Opinion: Drive By Engr. Carlos V. Cornejo (Cebu City)

IF THE kind of work involved in your company consists of straightforward tasks such as repetitive data entry work, an assembly line job, selling goods, then the carrot and stick incentives would easily work.  Carrot would mean giving cash bonuses and sticks would be punishments or penalties if there are failures in delivering the goods. 

But if your company is into intellectual work such as software design, learning (university or school), or consultancy work, the carrot and stick system of reward would not work in the long run.  Your workers would need a higher form of motivation to work and get the job done and this book by Daniel Pink, “Drive: The Surprising Truth About What Motivates Us” could help you with that.  
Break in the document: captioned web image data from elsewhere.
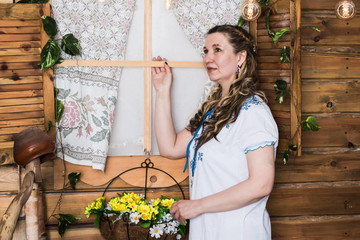 Ugly woman in national dress posing in a rustic interior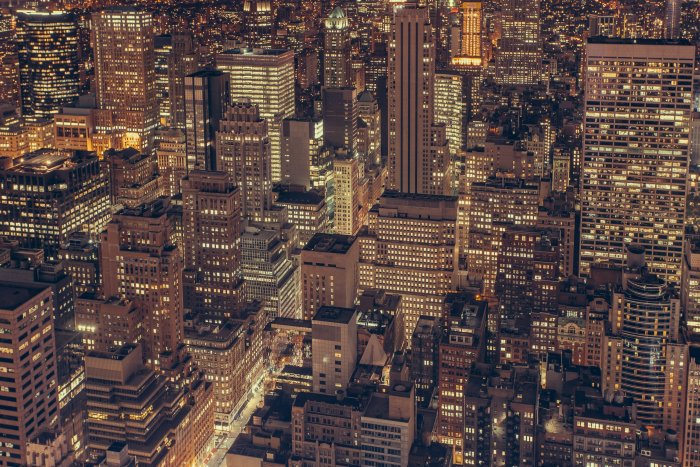Dense City Skyscrapers Illuminated at Night
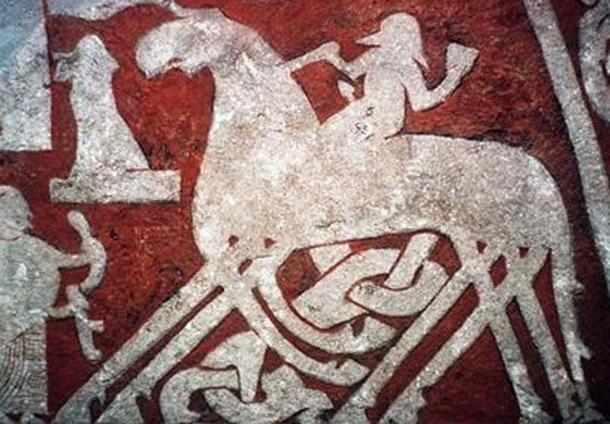 The Norse god Odin on his horse Sleipnir, featured on the Tjängvide image stone in Vallhalla. (Public Domain)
Dan Pink would recommend Three Intrinsic Drivers:  Autonomy, Mastery and Purpose. 

Autonomy. When Atlassian, an Australian software company, allowed their programmers to have a complete day of freedom by giving them a free day to work on a project of their choice or when they were paid to work on whatever programming code they wanted, with whomever client they wanted, they came up with several new product ideas and dozens of creative solutions to existing problems.  The initiative raised the motivation of the employees as well as their creative skills. 

Atlassian co-founder Mike CannonBrookes told author Daniel Pink, “If you don’t pay enough, you can lose people. But beyond that, money is not a motivator.” What motivates people beyond equal pay is work autonomy. 

By giving yourself and others a degree of flexibility within a rigid framework with a choice of tasks, free time to work on side projects, choice of technique, and the opportunity to pick team members, you will spark the intrinsic drive of autonomy. Author Daniel Pink calls these the four T’s of autonomy: freedom to pick the task, the time, the technique, and the team. 

Mastery. When Swedish shipping company, Green Cargo, wanted to overhaul their performance review process, they implemented a key finding by psychologist Mihaly Csikszentmihalyi: when workers are given tasks slightly above their current skill level and stay in a state between boredom and anxiety, they are more engaged, more motivated to work, and more creative. 

Green Cargo implemented Mihaly Csikszentmihalyi’s findings by changing the way they conducted performance reviews. During each performance review, managers now needed to determine if their employees were overwhelmed or underwhelmed with their current work assignments. Then the managers needed to work with each employee to craft Goldilocks work assignments: work assignments that weren’t too hard, not too easy, but just right above their current skill level. 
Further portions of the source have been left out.